Books Magazine

I Feel Bad About My Neck: And Other Thoughts on Being a Woman by Nora Ephron (2006)

By Lizzi @lizzi_thom

I honestly don't know why it's taken me so long to read any of Nora Ephron's books. I adore her movies, particularly When Harry Met Sally, and I'd always heard her books were just as good. Perhaps I was afraid they wouldn't be and my reverence of her script writing would be ruined. But then came my Reading Drought. I had a baby in August last year and subsequently my time to read evaporated. When he was tiny he used to take really long naps during the day, but I was so exhausted that I had to nap too. So no time to read. And even if I'd tried to read, for instance when he was having a feed, I was just too tired. As he's got older his whole routine has changed, but now, at seven months, he is having daytime naps in his cot (which is how I'm able to write this review, actually on my laptop sitting at the table!!), and so I've done a bit of reading then, as well as when he sits and plays next to me, or we watch a bit of TV, or even when he's very slowly eating some cooked carrot.

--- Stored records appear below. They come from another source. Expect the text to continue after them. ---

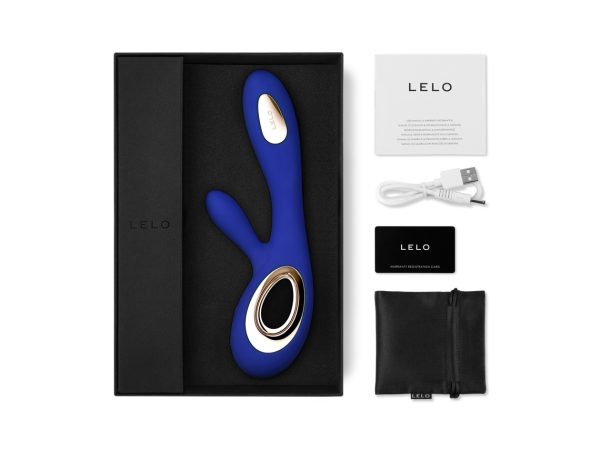 LELO SORAYA WAVE VIBRADOR DE COELHO PROFUNDO AZUL MEIA-NOITE - Image 3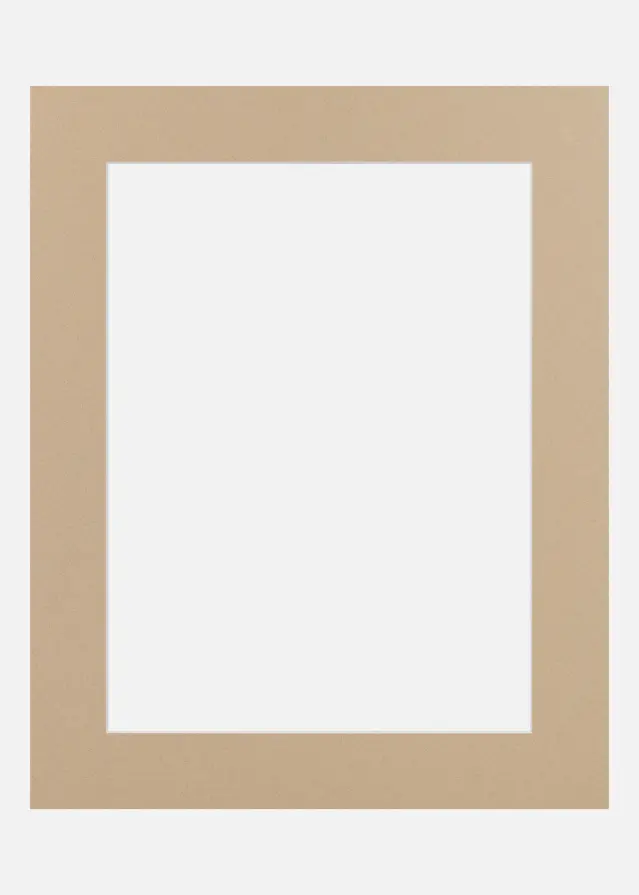 Passe-partout Sandpaper (noyau blanc) 40x50 cm (28,7x41 - A3)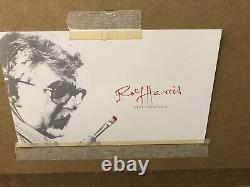 Rolf Harris Signed Limited Edition 364/695 The Kiss VERY RARE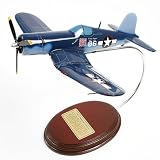 F4U-1 Corsair Boyington Wood Model Airplane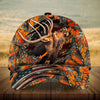 Joycorners Premium Elk Hunting Personalized Hats 3D Multicolored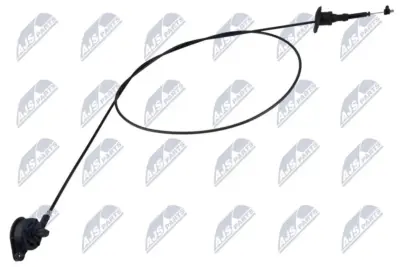 Cavo Comando Cofano Motore per Renault Megane 1997
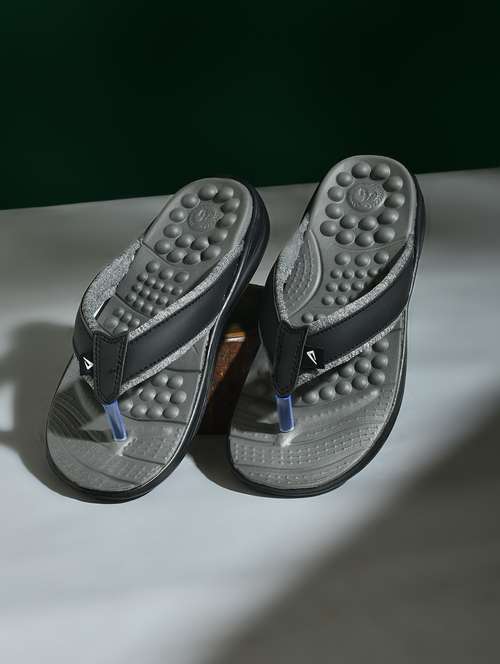 men grey toe separator slipper - 22005955 - Very Small Image - 1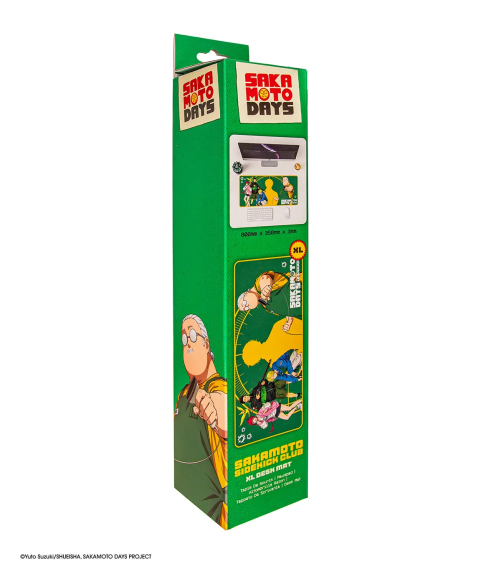 Mousepad - XXL - Sakamoto days - Sakamoto Sidekick Club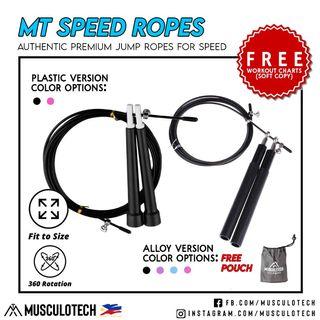 FREE SHIPPING MT Speed Rope Jumping rope Cross fit JUMP MANILA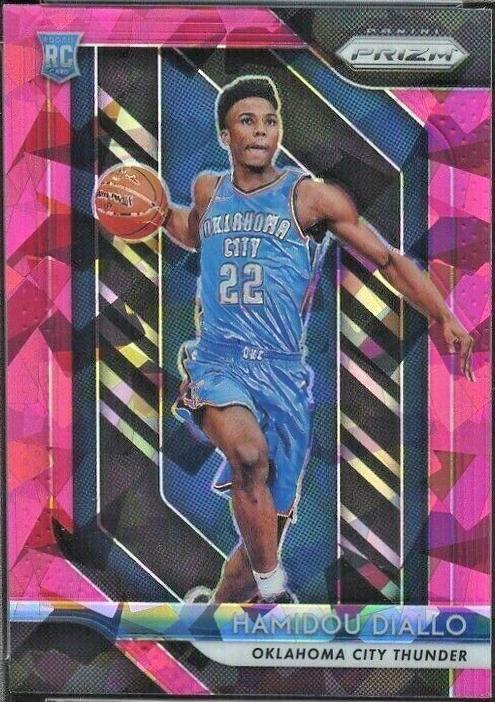 Hamidou Diallo [Pink Ice] #9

So anyway, a couple of months ago we had a little outing to Waterstones and I bought some books for the first time in months. The first of these that I read was The Last Wish by Andrzej Sapkowski (reviewed here) as we had recently finished watching The Witcher and I wanted to explore the books. I also bought I Feel Bad About My Neck, finally. I suppose I thought, this is my chance to finally do some proper reading, what do I really want to read? And there was Nora on the shelf.

I Feel Bad About My Neck: And Other Thoughts on Being a Woman by Nora Ephron (2006)

The introduction to the 2020 edition of I Feel Bad About My Neck is by Dolly Alderton and wonderfully explains the joy of reading Ephron and only convinced me further that I had waited to far too long to buy and read any of her books. This one is essays on a wide range of subjects about "being a woman", some of which are very specific to the female experience (and so some of which unfortunately might be lost on men) but some others are more universal such as the importance of finding the right apartment, and her quest for a cabbage strudel just like the one from the Hungarian bakery that used to be in her neighbourhood in New York. A lot of the book is about life in New York, but even if you don't live there, or haven't visited, enough of what she talks about can be seen in various movies and TV shows, and regardless Ephron writes so vividly that you get a good idea of New York life (or at least hers) from her writing.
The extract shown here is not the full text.